Experte: Gesundheitsreform nur auf dem Papier
Der Gesundheitsökonom Ernest Pichlbauer relativiert die gestern erzielte Einigung auf eine Gesundheitsreform in Österreich. Es seien kaum echte Einsparungen zu erwarten, sagt Pichlbauer im Ö1 Morgenjournal. Auch den geplanten Sanktionen bei Verstößen gegen die Vereinbarung steht er skeptisch gegenüber. Langfristig verspricht sich der Experte aber immerhin doch Verbesserungen für die Patienten.
8. April 2017, 21:58
Morgenjournal, 12.12.2012
Der Gesundheitsökonom Ernest Pichlbauer im Gespräch mit Andrea Maiwald
"Einsparungen sind gar keine"
Die nun nach langem Ringen vereinbarte Gesundheitsreform sei zwar tatsächlich "die große Reform", sagt Gesundheitsexperte Ernest Pichlbauer, allerdings: "auf dem Papier". Immerhin würden damit das erste Mal ganz konkret die Schritte beschrieben, wie Länder und Krankenkassen zusammenarbeiten. "Das gab es in der Zweiten Republik noch nicht. Ob es dann eine wirklich große Reform wird, ist ein anderes Thema." Große Einsparungen erwartet der Gesundheitsökonom allerdings nicht: Das Ziel, zusätzliche Milliardenkosten zu vermeiden und zugleich das Angebot für den Patienten zu verbessern sei "ganz leicht" zu erreichen, sagt Pichlbauer und begründet das so: " Weil die Einsparungen gar keine sind. Da hat man Wachstumsprognosen angenommen, die eigentlich jenseitig hoch waren, und nimmt die jetzt zurück. Das heißt, das sind sehr virtuelle Einsparungen. Betrachtet man die Kosten genau, dann sieht man, dass in Wirklichkeit sehr wenig eingespart wird, und was dadurch auch Skepsis bei mir hervorruft."

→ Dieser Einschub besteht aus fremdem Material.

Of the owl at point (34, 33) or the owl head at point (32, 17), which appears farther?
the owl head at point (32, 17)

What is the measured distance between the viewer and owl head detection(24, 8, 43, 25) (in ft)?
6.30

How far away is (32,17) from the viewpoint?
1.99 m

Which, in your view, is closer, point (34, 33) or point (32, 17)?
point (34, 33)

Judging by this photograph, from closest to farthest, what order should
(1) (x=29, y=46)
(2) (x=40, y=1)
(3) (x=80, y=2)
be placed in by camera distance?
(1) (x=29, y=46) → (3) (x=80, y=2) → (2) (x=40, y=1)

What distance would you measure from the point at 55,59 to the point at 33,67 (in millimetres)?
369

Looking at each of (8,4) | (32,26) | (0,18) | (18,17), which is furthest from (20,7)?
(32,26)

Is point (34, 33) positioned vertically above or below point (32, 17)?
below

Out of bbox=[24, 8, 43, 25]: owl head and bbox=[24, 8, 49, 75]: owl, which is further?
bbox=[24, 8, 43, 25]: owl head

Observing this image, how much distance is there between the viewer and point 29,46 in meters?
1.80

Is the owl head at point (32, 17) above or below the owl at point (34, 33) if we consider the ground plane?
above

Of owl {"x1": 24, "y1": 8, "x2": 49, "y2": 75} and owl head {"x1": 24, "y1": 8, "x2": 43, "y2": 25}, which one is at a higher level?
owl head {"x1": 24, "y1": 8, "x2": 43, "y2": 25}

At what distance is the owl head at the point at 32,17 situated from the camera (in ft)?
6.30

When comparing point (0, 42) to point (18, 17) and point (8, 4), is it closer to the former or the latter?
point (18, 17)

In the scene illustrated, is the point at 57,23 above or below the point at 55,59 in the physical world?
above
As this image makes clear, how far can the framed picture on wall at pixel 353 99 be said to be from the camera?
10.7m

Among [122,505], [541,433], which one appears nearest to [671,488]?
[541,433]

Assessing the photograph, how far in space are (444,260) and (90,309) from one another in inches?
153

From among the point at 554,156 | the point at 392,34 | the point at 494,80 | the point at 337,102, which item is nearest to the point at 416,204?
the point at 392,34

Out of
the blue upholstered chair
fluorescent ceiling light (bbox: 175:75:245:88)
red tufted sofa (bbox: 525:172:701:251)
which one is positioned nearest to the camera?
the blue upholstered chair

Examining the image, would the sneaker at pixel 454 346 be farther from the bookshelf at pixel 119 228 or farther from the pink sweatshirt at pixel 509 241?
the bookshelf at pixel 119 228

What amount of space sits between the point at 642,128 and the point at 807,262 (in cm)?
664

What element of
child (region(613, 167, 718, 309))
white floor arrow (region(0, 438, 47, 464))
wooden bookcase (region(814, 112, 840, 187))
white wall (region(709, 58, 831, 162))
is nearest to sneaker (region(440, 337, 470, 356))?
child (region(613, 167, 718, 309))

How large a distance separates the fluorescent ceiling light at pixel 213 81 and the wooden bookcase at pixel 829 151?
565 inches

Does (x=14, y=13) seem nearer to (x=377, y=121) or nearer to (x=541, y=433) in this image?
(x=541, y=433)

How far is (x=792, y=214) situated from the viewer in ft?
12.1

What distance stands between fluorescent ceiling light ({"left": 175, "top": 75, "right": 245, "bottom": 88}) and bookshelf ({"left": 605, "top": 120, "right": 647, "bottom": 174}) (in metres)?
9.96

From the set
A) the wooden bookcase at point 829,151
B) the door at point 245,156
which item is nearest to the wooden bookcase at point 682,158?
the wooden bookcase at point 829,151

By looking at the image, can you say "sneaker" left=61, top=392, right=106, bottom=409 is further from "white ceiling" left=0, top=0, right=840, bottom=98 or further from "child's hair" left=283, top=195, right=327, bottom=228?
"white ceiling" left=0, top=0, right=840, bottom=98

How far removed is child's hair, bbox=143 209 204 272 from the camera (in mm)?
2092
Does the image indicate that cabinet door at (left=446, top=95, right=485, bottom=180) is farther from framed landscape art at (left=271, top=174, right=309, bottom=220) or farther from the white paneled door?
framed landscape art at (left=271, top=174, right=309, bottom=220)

Den Widerstand der Ärzte gegen die Gesundheitsreform erklärt Pichlbauer mit den künftig geänderten Zuständigkeiten: Die Krankenkassen würden über Kassenstellen nicht mehr exklusiv mit den Kammern verhandeln, sondern mit den Ländern. "Sprich: Die realpolitische Macht der Ärztekammer wird deutlich reduziert."

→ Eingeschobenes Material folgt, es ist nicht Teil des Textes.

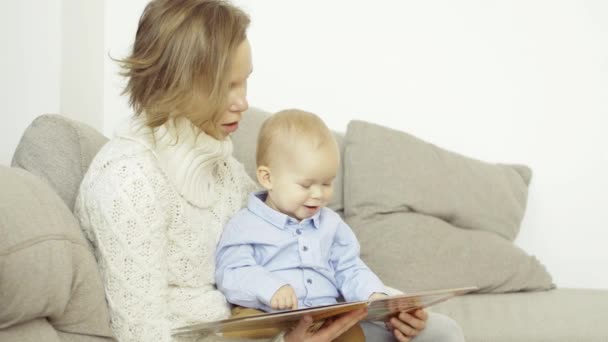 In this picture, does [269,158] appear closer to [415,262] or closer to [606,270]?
[415,262]

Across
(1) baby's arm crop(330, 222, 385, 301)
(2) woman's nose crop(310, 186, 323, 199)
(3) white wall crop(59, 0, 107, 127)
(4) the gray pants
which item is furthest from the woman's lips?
(3) white wall crop(59, 0, 107, 127)

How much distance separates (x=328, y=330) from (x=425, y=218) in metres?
1.09

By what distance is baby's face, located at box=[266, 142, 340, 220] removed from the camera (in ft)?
5.54

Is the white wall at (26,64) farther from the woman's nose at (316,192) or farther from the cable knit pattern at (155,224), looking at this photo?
the woman's nose at (316,192)

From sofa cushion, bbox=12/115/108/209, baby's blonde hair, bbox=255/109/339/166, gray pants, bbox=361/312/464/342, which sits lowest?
gray pants, bbox=361/312/464/342

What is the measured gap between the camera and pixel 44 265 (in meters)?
1.21

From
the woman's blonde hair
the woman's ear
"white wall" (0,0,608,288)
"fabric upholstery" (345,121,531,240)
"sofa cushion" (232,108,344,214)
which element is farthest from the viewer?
"white wall" (0,0,608,288)

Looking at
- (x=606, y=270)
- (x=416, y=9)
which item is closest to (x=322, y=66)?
(x=416, y=9)

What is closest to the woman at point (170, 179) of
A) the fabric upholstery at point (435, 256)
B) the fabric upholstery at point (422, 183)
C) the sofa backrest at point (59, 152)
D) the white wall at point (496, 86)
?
the sofa backrest at point (59, 152)

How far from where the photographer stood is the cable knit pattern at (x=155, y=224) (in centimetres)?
143

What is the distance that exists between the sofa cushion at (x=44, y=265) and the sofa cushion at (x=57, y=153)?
230 mm

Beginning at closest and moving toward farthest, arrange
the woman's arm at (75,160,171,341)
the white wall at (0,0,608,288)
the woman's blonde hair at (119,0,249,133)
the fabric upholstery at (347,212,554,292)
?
1. the woman's arm at (75,160,171,341)
2. the woman's blonde hair at (119,0,249,133)
3. the fabric upholstery at (347,212,554,292)
4. the white wall at (0,0,608,288)

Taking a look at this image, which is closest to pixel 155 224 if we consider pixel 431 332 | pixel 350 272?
pixel 350 272

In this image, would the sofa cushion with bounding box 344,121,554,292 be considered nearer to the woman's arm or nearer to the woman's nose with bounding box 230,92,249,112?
the woman's nose with bounding box 230,92,249,112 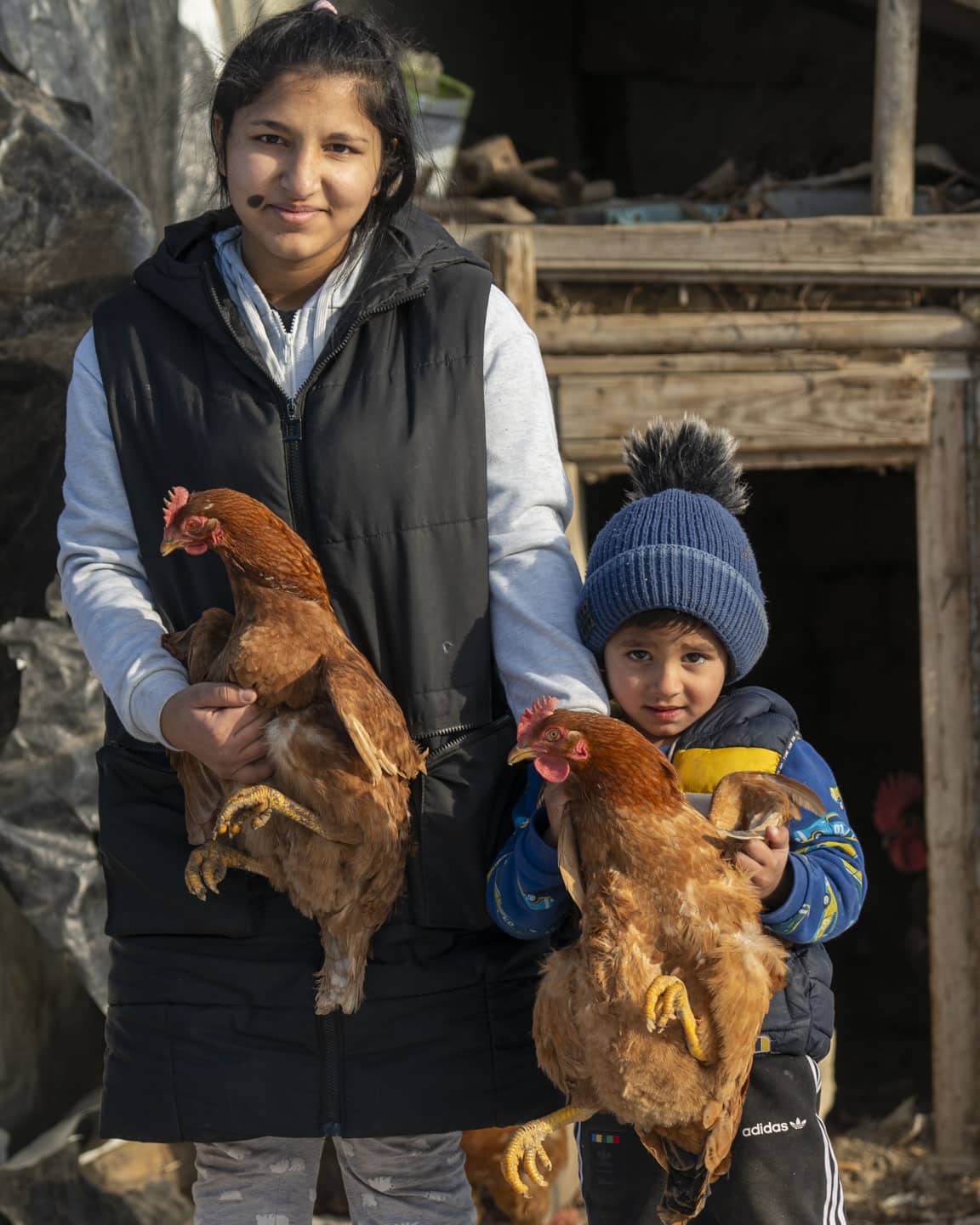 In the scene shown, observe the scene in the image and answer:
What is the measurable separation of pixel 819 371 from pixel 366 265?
2723mm

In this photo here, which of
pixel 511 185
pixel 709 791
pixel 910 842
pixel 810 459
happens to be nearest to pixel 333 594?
pixel 709 791

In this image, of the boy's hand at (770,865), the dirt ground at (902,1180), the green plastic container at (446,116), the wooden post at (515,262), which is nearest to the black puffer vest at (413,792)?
the boy's hand at (770,865)

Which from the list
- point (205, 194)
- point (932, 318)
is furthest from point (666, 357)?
point (205, 194)

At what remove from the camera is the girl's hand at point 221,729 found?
215 cm

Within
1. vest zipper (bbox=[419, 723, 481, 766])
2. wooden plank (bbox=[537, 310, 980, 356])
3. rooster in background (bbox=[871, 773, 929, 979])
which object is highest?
wooden plank (bbox=[537, 310, 980, 356])

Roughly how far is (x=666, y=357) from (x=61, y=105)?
81.6 inches

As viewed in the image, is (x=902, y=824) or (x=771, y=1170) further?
(x=902, y=824)

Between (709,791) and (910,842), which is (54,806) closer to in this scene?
(709,791)

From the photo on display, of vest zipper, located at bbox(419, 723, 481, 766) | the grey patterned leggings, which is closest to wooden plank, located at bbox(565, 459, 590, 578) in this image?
vest zipper, located at bbox(419, 723, 481, 766)

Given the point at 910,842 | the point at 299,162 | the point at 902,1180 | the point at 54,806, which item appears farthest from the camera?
the point at 910,842

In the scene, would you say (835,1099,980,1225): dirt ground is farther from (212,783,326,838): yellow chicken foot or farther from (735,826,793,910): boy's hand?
(212,783,326,838): yellow chicken foot

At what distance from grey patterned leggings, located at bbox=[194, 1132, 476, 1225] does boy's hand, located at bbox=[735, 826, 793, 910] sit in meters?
0.70

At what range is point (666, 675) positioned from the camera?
2357 mm

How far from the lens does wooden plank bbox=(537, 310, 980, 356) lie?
484cm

Langfristige Verbesserungen
Konkrete Auswirkungen für die Patienten erwartet Pichlbauer zumindest ab 2014 noch wenige. Diese inhaltlichen Ziele seien sehr schwierig aufzuarbeiten. Am Ende der Entwicklung werde der Patient aber nur Verbesserungen spüren können, ist sich der Experte sicher: bessere Öffnungszeiten, bessere Erreichbarkeit der niedergelassenen Ärzte, Vorsorge und Rehabilitationsmaßnahmen würden besser in das Gesundheitssystem integriert, die Betreuung insbesondere von chronisch Kranken werde verbessert.
Negativ steht Pichlbauer den vorgesehenen Geldsanktionen für säumige Bundesländer gegenüber, weil das ohnehin der Steuerzahler zu begleichen hätte. Und insgesamt glaubt Pichlbauer nicht, dass das System mit der nun getroffenen Vereinbarung "auf ewig" gerettet sei. Die wirkliche Lösung ist aus seiner Sicht "die echte Finanzierung aus einer Hand und nicht nur virtuell".